The utility model discloses a concrete embodiment, the local oscillator unit includes first local oscillator module and second local oscillator module, first local oscillator module with the singlechip is all connected to the second local oscillator module, first local oscillator module is connected mixer M1, the second local oscillator module is connected mixer M2.

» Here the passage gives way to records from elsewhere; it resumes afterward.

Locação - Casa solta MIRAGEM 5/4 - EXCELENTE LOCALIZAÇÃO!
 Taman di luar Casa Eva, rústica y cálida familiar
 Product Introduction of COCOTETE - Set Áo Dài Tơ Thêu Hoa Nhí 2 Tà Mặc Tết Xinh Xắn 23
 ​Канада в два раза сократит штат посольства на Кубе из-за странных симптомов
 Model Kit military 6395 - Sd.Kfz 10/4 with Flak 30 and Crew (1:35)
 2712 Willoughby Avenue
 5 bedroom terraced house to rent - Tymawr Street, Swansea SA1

The utility model discloses a concrete embodiment, inside and outside reference switch unit is including the microwave switch, amplifier A7 and the merit of establishing ties in proper order and divide ware SB1, the microwave switch still is connected with 10MHZ crystal oscillator and 10MHZ input detector respectively, the microwave switch and 10MHZ input detector all connects the singlechip, ware SB1 is divided to the merit is connected with pi type decay network module P9 respectively and the phase-locked loop, the phase-locked loop is connected with loop filter, loop filter is connected with voltage controlled oscillator, voltage controlled oscillator is connected with merit and divides ware SB2, ware SB2 is divided to the merit is connected with merit respectively and divides ware SB3 and the phase-locked loop, ware SB3 is divided to the merit is connected respectively first local oscillator module with second local oscillator module.

In a specific embodiment of the present invention, the power unit includes LC filter circuit L2, LC filter circuit L2 is connected with switching power supply K1 and switching power supply K2 respectively, switching power supply K1 is connected with LC filter circuit L3, LC filter circuit L3 is connected with large current low noise voltage stabilizer Z1, large current low noise voltage stabilizer Z1 is connected respectively the intermediate frequency filtering amplification unit, the first local oscillator module, the frequency conversion filter unit and the voltage controlled oscillator, switching power supply K2 is connected with LC filter circuit L4, LC filter circuit L4 is connected with large current low noise voltage stabilizer Z2 and low dropout voltage stabilizer respectively, large current low noise voltage stabilizer Z2 is connected respectively the output amplification filter unit, the second local oscillator module, the internal and external reference switching unit, the low dropout voltage stabilizer is connected respectively the 10MHZ crystal oscillator, The phase-locked loop and the singlechip control unit.

For the convenience of understanding the above technical solutions of the present invention, the above technical solutions of the present invention will be described in detail through specific use modes.

X frequency channel up-conversion equipment mainly used goes up processing to X frequency channel radio frequency signal, it includes intermediate frequency filtering amplification unit, frequency conversion filtering unit, output amplification filtering unit, inside and outside reference switching unit, single chip microcomputer control unit and electrical unit etc. its integrated level is high, small, the electromagnetic shield is good, convenient operation. The X-frequency-band up-conversion equipment mainly uses an enhanced single chip microcomputer in a single chip microcomputer control unit to support a remote communication function and a signal control function, and communication control can be realized by using a universal PC serial port (namely RS 232) for communication according to a standard communication standard by a control instruction.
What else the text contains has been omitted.